Now I worked out 2 scenario’s, I have a long select/filter sidebar with 13 types of filters. HTML/PHP wise they’re nearly exactly the same.

Scenario 1) one livewire component for the whole sidebar. Click one checkbox or dropdown and the whole component refreshes
Scenario 2) 13 seperate livewire components, that emit events to an additional 14th livewire component who’s gathering results. Click one checkbox or select and 1 of the 13 components refreshes and then emits an event so that the 14th component also refreshes.

Using Lighthouse I get pretty bad scores on both when running the in the simulated mobile device (that’s a 4 year old Moto 4G with fast 3G internet and CPU slowdown).

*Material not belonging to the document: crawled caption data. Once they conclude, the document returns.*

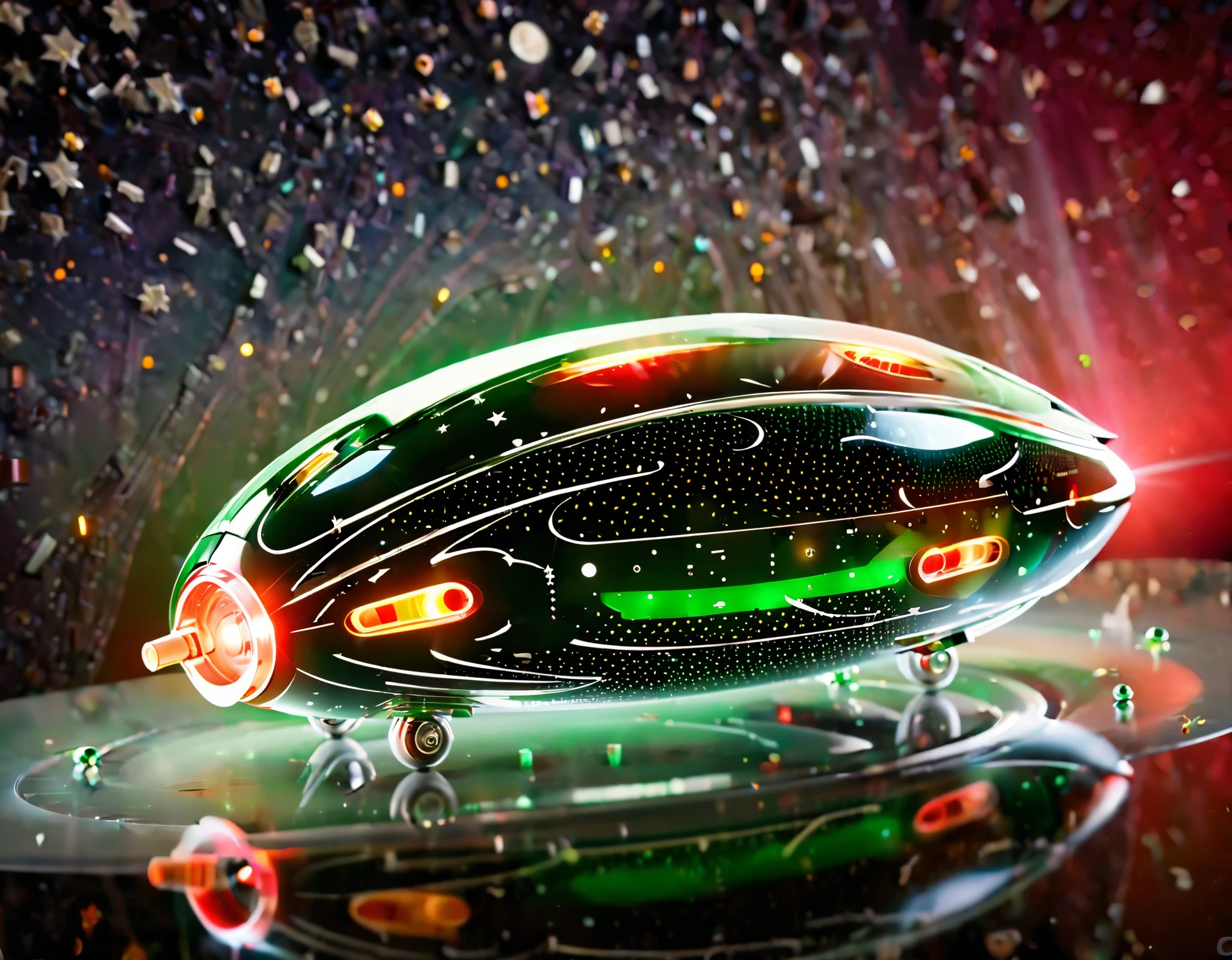 An advanced starship traveling through space, set against a gradient sky of dark green to red with tiny stars. The ship’s sleek design includes a prominent circular front, elongated body, and nacelles, with a metallic finish and bright lights accentuating its futuristic look.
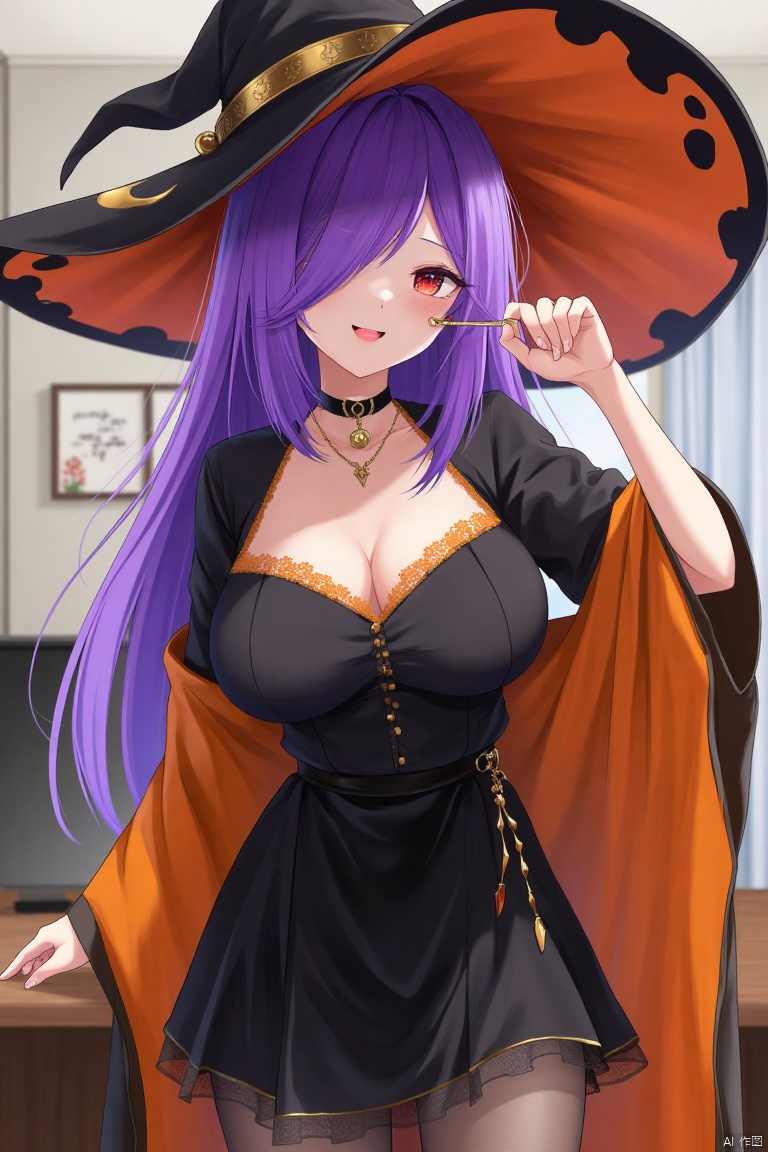 Scores_9, Scores_8, Scores_7, 1 Mature, asian Female,Enchanting Appearance, Smile, Pink Lips, Black Dog Collar, Exquisite Gold Necklace, Halloween Costume, Big Wizard Hat, Black Cloth Skirt, Black Shirt with Orange Lace, Orange Robe, Black Lace Straightening Stockings, Enchanting Appearance, Bright Purple Hair, Very Long Hair, Hair Covering One Eye, Red Eyes, Big Breasts, Office Decorated with Halloween Decorations, Perfect Body, Perfect Anatomy, Pornographic Anatomy, Perfect Arms, Perfect Fingers, Perfect Legs, Environmental Light, Shadows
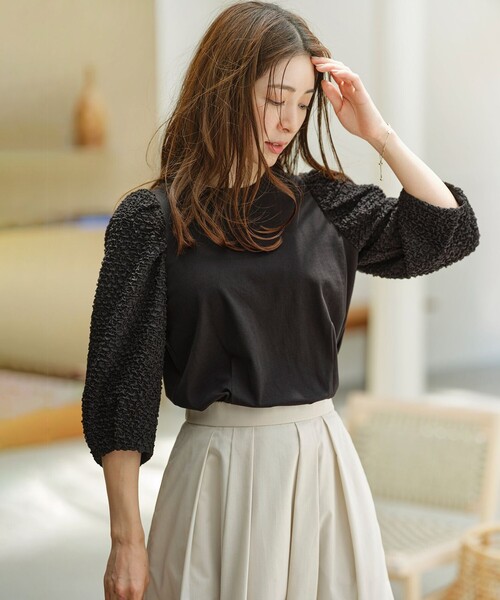 tシャツ シャーリングシフォン袖 トップス レディース 組曲 tシャツ シャーリングシフォン袖 トップス レディース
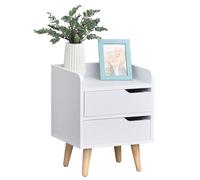 HOMCOM Mesa de Noche Multiusos con 2 Cajones Espaciosos Patas Elevadas de Pino Mesita Noche para Sala Dormitorio 33x28x42 cm Blanco Aosom España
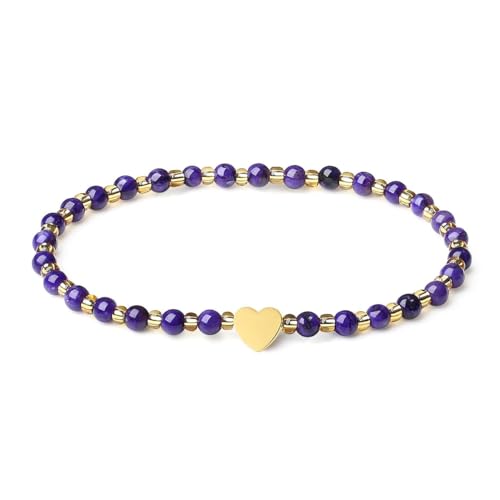 MetJakt Handgemachter Naturstein Perlenarmband 4MM Mini Stretch Armband Energiearmbänder 18k vergoldet Herz Armbänder für Damen Damenschmuck Echtes (Gefärbtes Charoit) von MetJakt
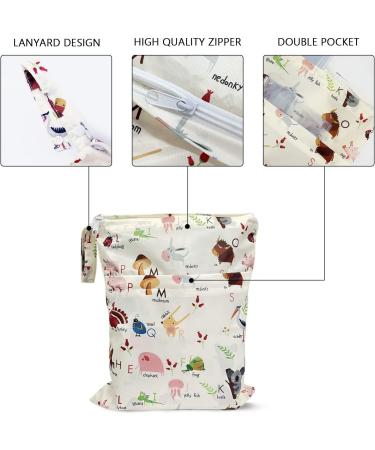CQQNIU 2 Pcs Baby Waterproof Diaper Organizer - Reusable Wet Bag for Swimwear & Day Care - Dinosaurs Letters Design - Buy Online on SooperMarket.com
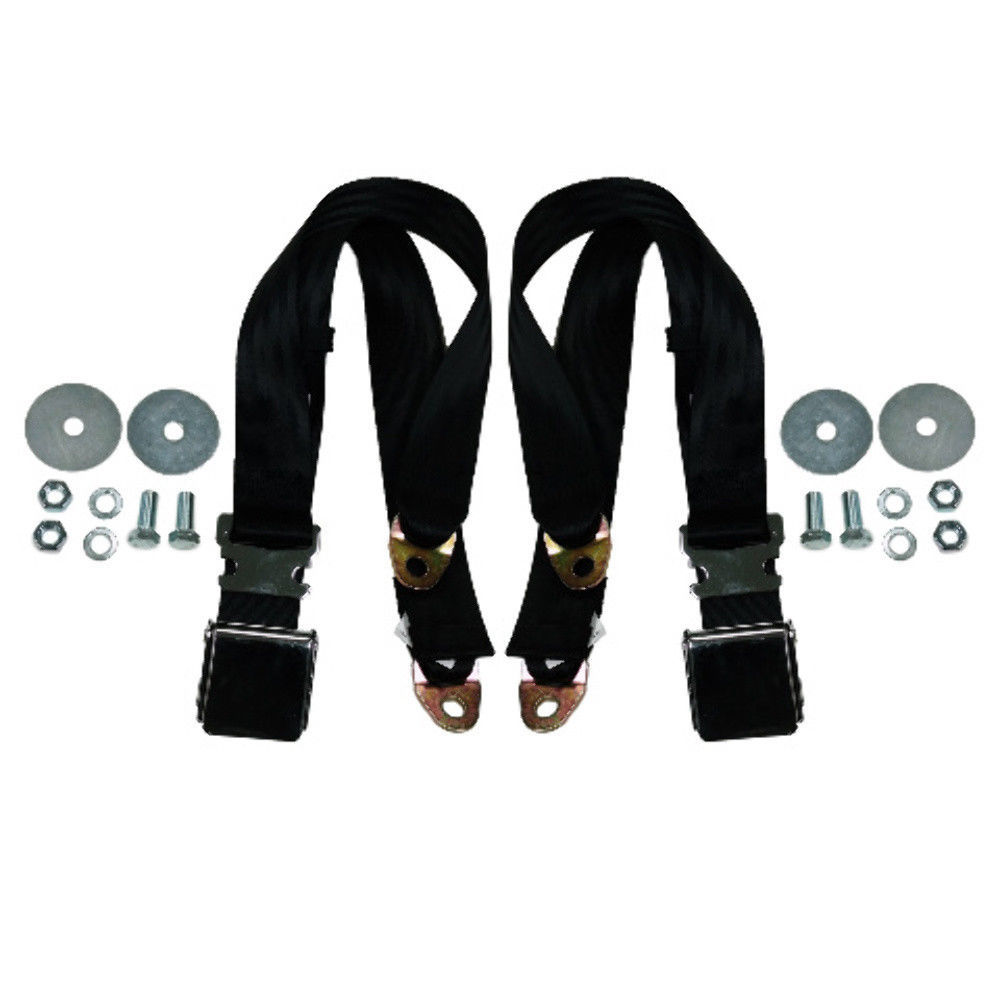 (2) 72" Black Universal Lap Seat Belt w/ Hardware, PAIR Chrome Latch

Interesting though, scenario 2) is roughly 2x faster than scenario 1) in terms of JS main thread time consumption.

I first thought that the http requests bouncing back and forth would be more constraining but, regardless whether you’re updating 2 small (12kb, 3kb gzipped) or 1 big component (150kb, 15kb gzipped) the http requests aren’t the problem. It’s the JS main thread consumption…

I can see both Livewire and Alpine.JS placing over a hundred setTimeout() calls and doing a bunch of other stuff I’m having trouble to understand at first glance.

Can anyone explain a bit how the logics of the Livewire JS works and what would be the most efficient way to deisgn components.

It appears that it doesn’t matter how many wire:model/wire:click calls I have (I tried escaping them, no changes). It appears as if the DOM size is the factor which determines the JS main thread load. If that’s true, would it be worth considering a different framework that does use a virtual DOM or is that pointless / not the cause of the JS main thread consumption?

Coming from an all back-end world here (-: Thanks in advance for your thoughts!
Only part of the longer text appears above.